There were 99 households, of which 22.2% had children under the age of 18 living with them, 68.7% were married couples living together, 2.0% had a female householder with no husband present, 3.0% had a male householder with no wife present, and 26.3% were non-families. 21.2% of all households were made up of individuals, and 9.1% had someone living alone who was 65 years of age or older. The average household size was 2.35 and the average family size was 2.74.

The median age in the town was 48.9 years. 18% of residents were under the age of 18; 4.4% were between the ages of 18 and 24; 19.4% were from 25 to 44; 39.9% were from 45 to 64; and 18.5% were 65 years of age or older. The gender makeup of the town was 52.8% male and 47.2% female.

===2000 census===
As of the census of 2000, there were 240 people, 91 households, and 75 families living in the town. The population density was 274.9 PD/sqmi. There were 99 housing units at an average density of 113.4 /sqmi. The racial makeup of the town was 96.25% White, 2.08% Native American, and 1.67% from two or more races.
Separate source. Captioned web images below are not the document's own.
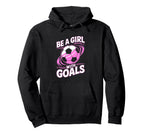 Be Goals Soccer Hoodie - Minimalist Print Men Women
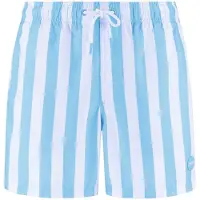 Shiwi Shorts de bain bleu clair / blanc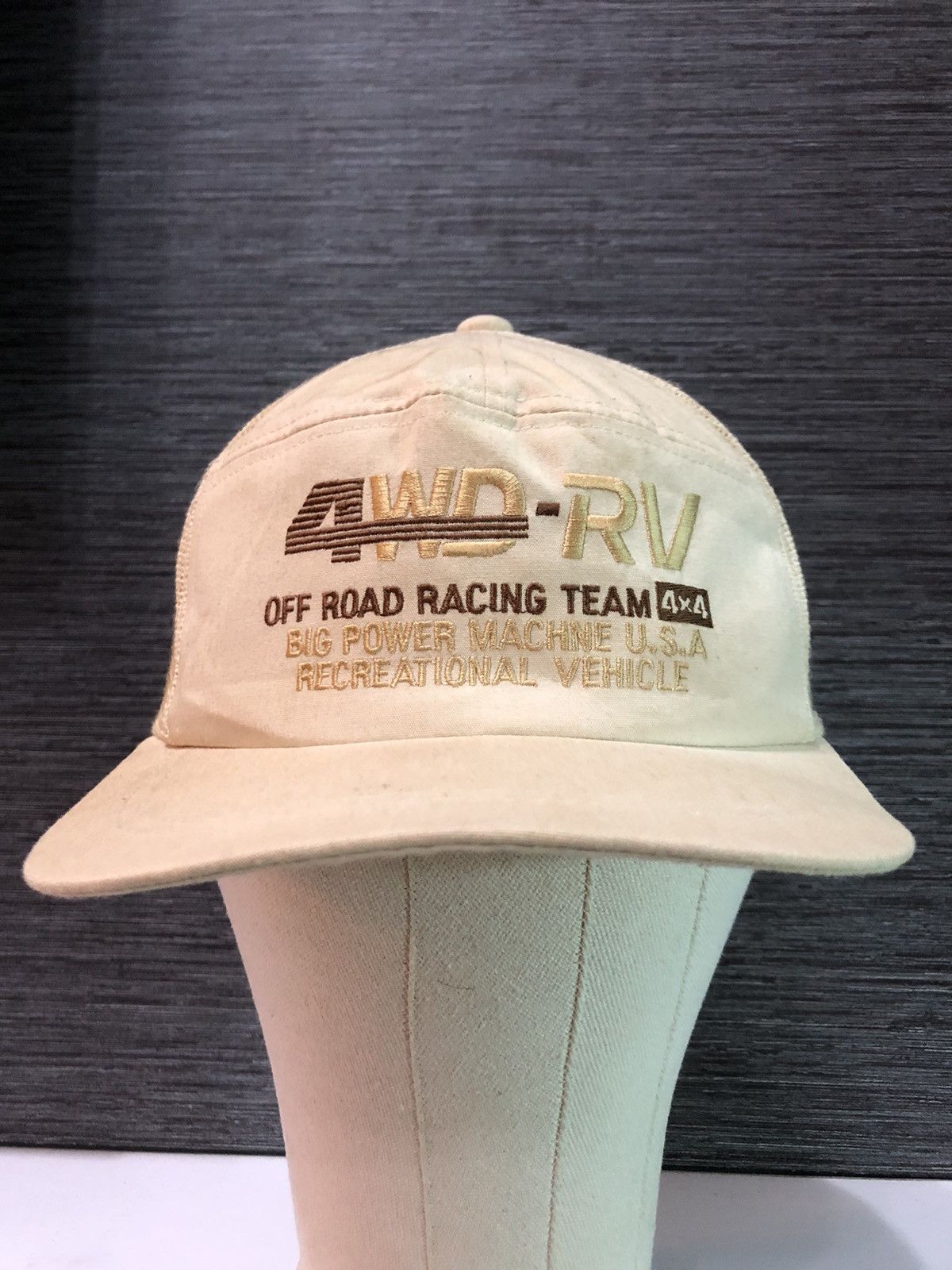 Vintage 4WD RV Racing Off Road Racing Team Hat Cap - 1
There were 91 households, out of which 38.5% had children under the age of 18 living with them, 73.6% were married couples living together, 5.5% had a female householder with no husband present, and 16.5% were non-families. 14.3% of all households were made up of individuals, and 7.7% had someone living alone who was 65 years of age or older. The average household size was 2.64 and the average family size was 2.89.
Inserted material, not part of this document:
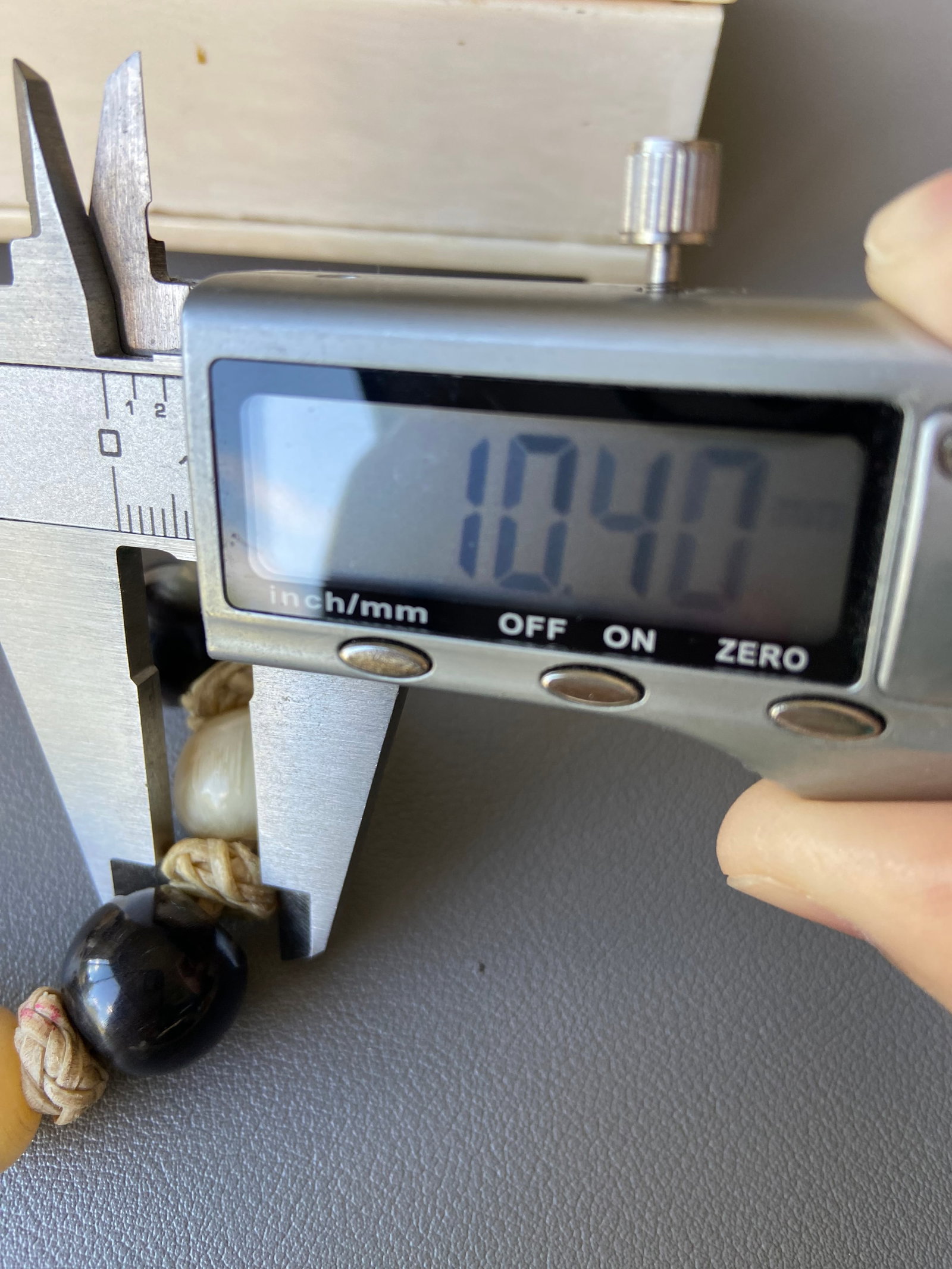 Vintage Braided Leather Bracelet with Mixed Natural Horn Beads, 20cm - 19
In the town, the population was spread out, with 28.8% under the age of 18, 2.9% from 18 to 24, 21.7% from 25 to 44, 32.9% from 45 to 64, and 13.8% who were 65 years of age or older. The median age was 43 years. For every 100 females, there were 92.0 males. For every 100 females age 18 and over, there were 87.9 males.
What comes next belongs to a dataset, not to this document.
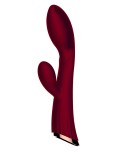 Vibromasseur rouge avec stimulateur de clitoris LRIS USB Vibromasseur rouge avec stimulateur de clitoris LRIS USB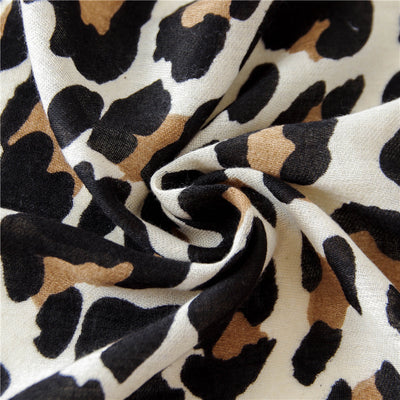 Pañuelo Dual Estampado Leopardo en Algodón, Lino y Seda - Image 3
The median income for a household in the town was $47,083, and the median income for a family was $50,938. Males had a median income of $32,500 versus $33,750 for females. The per capita income for the town was $17,943. None of the families and 0.8% of the population were living below the poverty line, including no under eighteens and 6.9% of those over 64.

== Notable people ==

- Ron Hauge, Emmy award-winning writer for The Simpsons grew up here.
- Wayne Hawkins, Oakland Raiders guard, was born here.